Considering the last post, and now with this one, I might have to rename this blog image ranted. Yep. This is another rant.
This time it’s about some health care issues I’ve had to tangle with in the last week. What I am about to lay out isn’t even centered around my physical or mental health issues. It’s entirely because the health care industry, in the United States, is structured against people. I don’t want to call us patients, because if things worked differently, so many of us wouldn’t be considered active patients.

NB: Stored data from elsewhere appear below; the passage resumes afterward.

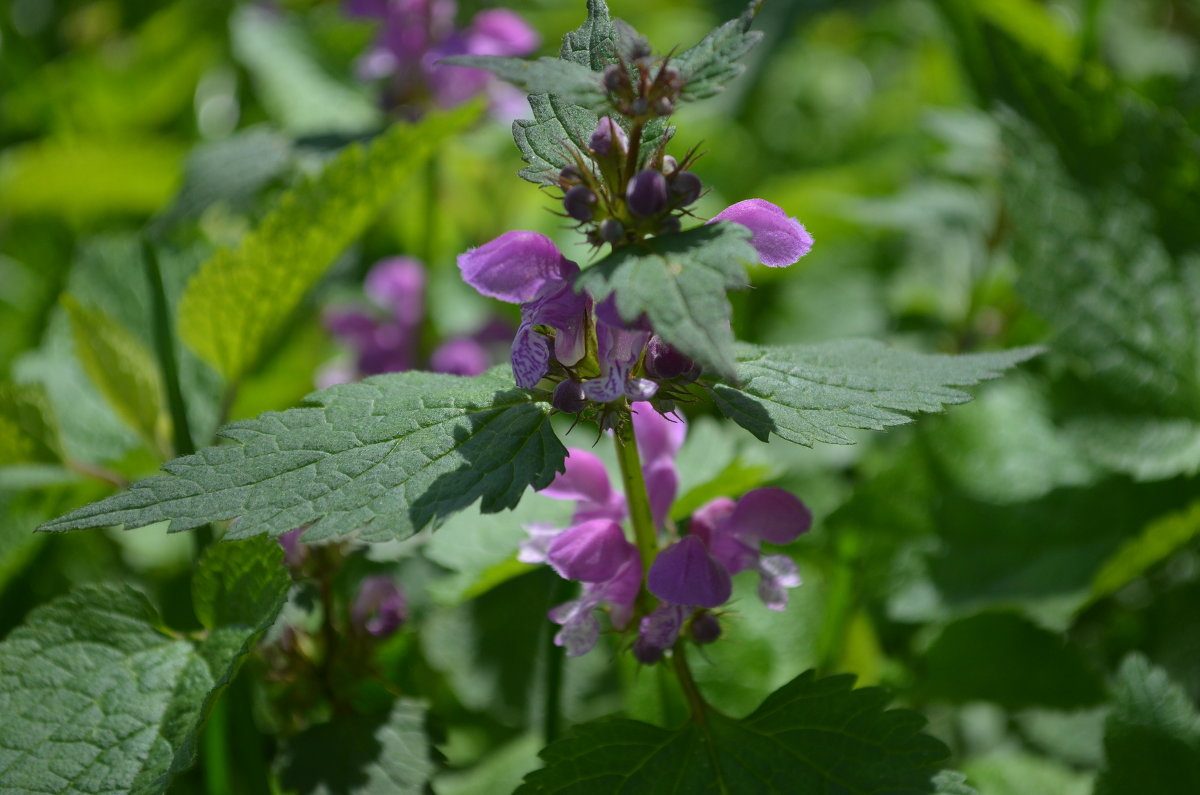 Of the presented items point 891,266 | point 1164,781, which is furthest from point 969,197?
point 1164,781

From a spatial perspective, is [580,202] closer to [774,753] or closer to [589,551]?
[589,551]

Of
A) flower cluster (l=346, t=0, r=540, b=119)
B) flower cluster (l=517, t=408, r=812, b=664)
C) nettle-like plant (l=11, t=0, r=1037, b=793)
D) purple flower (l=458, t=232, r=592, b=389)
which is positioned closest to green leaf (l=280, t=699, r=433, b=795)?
nettle-like plant (l=11, t=0, r=1037, b=793)

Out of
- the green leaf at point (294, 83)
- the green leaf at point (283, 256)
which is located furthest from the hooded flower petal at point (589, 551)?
the green leaf at point (294, 83)

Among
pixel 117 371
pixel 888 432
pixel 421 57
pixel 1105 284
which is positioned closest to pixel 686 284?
pixel 117 371

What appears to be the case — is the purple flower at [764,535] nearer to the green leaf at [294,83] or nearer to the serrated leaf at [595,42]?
the serrated leaf at [595,42]

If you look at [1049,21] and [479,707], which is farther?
[1049,21]

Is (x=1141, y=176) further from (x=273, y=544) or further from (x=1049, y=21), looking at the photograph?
(x=273, y=544) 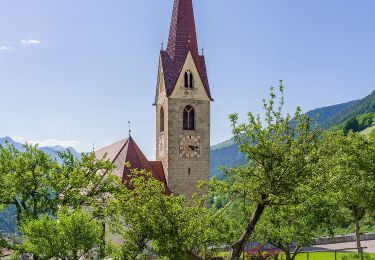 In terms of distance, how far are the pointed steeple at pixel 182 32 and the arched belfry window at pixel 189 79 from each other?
1.59 metres

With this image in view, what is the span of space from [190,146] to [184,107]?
11.8ft

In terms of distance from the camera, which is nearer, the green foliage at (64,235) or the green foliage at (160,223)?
the green foliage at (160,223)

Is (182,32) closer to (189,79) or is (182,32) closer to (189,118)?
(189,79)

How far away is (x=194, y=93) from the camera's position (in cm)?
4709

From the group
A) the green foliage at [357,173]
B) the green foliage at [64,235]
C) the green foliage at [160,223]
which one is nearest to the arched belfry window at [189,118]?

I have to preface, that I was diagnosed with lupus about 10 years ago, and with fibromyalgia about 7 years ago. I have spent years hitting the high deductible on my insurance, just to keep a status quo. I have been on gabapentin (neurotin), which is a nerve blocker. I was up to 1,500mg a day at the height of my prescription. I have also been on cyclobenzaprine (flexeril), which is a muscle relaxer. Since I was diagnosed, I have been searching and looking for anything that can help me address the pain, so I can get off these pills.
This year, I made a decision that instead of hitting my deductible, on maintaining this shitty status quo, I would invest in different therapies and methods to attempt to address my chronic pain and fatigue in more natural ways. I started by going to an upper cervical chiropractor. A friend contacted me on facebook, telling me that one had drastically helped her with pain issues. I researched the science behind it, and decided to give it a try. Most ucc’s don’t take insurance because they are such a niche practice and fighting with insurance companies is too costly for them. I tried to submit a bill, on their recommendation that my insurance might still accept it. I found out that I have an out-of-network deductible, which is independent of my in-network deductible, and it is slightly more. This means I would need to submit expense receipts for that amount, and have them denied, before they might kick something in. I’ve spent $1,300 on this so far.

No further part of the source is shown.